Colonoscopy is the cornerstone for polyp detection and resection during colorectal cancer screening. Current quality indicators focus predominantly on polyp detection (e. g. adenoma detection rate [ADR]) over adequacy of resection. Although achieving ADR thresholds predicts a reduction of interval cancers [1], recent data suggest limited correlation between ADR and adequacy of polypectomy [2]. Research also shows that incomplete polypectomy can lead to interval colon cancers [3]. Furthermore, endoscopists perform polypectomy with significant variability in skill. Recent research shows the rate of competent polypectomy ranging from 30 % to 90 % among practicing endoscopists [2].

Although recent literature has suggested the implementation of hands-on curricula to improve polypectomy skill [4] [5], the effectiveness of such training among practicing physicians has not been established. Endoscopy skills training occurs during fellowship usually via the teacher–apprentice model, where trainees learn vicariously from experienced endoscopists. By contrast, simulation is an effective learning technology that has been used in gastroenterology fellowship and with novice endoscopists to supplement traditional training [6] [7] [8] [9]. However, simulation is not used as part of continuing medical education (CME) beyond focused endoscopy courses. Endoscopy CME courses also lack a structured approach to skill assessment. There is limited opportunity for well-defined CME polypectomy training and assessment with feedback among practicing endoscopists.

The Direct Observation of Polypectomy Skills (DOPyS) checklist is an assessment measure with validity evidence supporting its utility for polypectomy competency assessment [10] [11]. The DOPyS tool has been used in several studies to evaluate polypectomy competency in a set of specific and global clinical skills [2] [4] [12]. Prior studies have used its global competency measure to compare clinical fitness at fixed intervals while using the individual checklist items to provide structured feedback [4] [12].

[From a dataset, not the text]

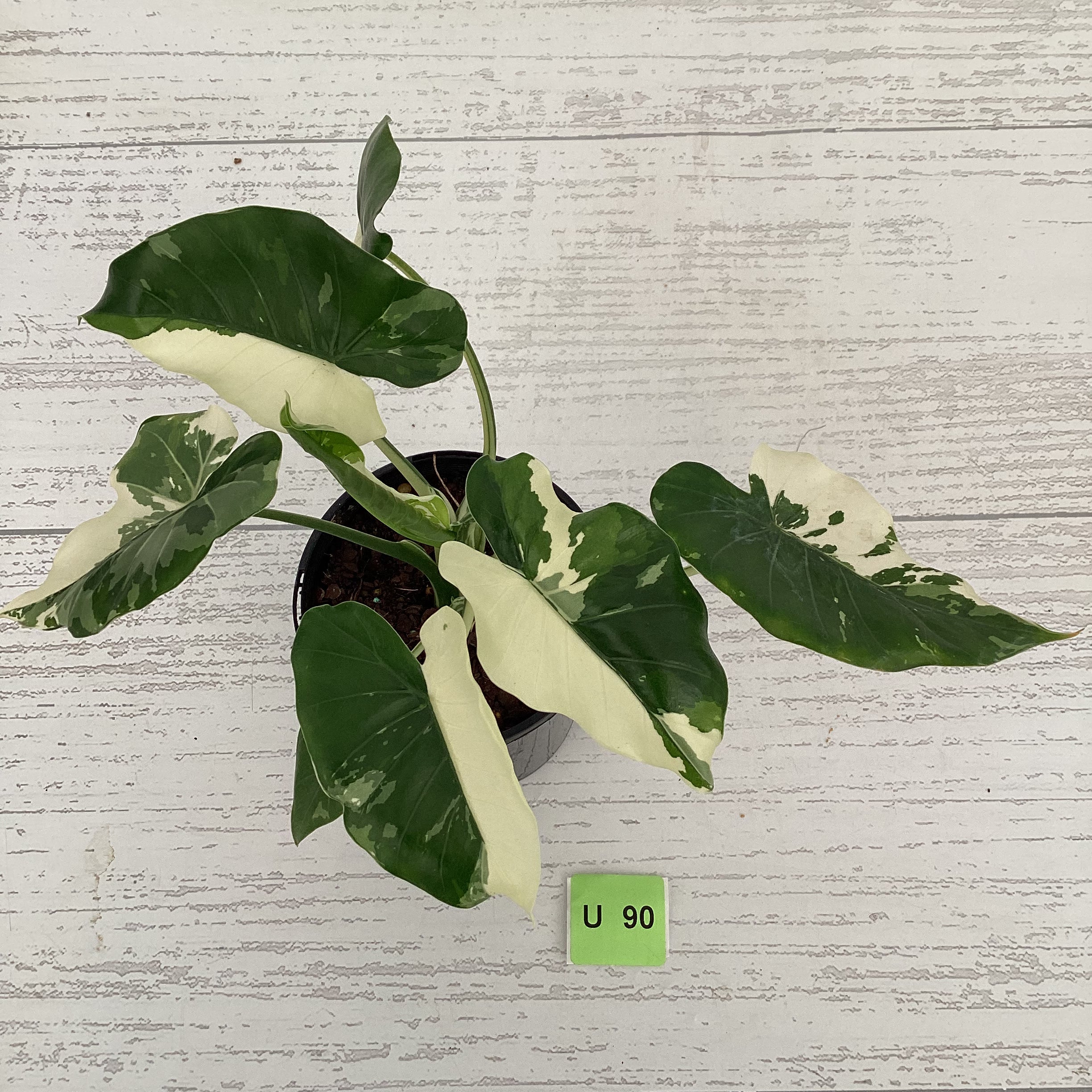 Alocasia Okinawa Silver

Given the variability of polypectomy skills, the lack of defined training opportunities, and the potential of simulation to boost skills, we developed and evaluated a simulation-based polypectomy curriculum specifically for practicing endoscopists. We assessed polypectomy competency before and after simulation-based training utilizing the DOPyS checklist. We hypothesized that implementation of a simulation-based intervention for practicing endoscopists would improve their polypectomy skills.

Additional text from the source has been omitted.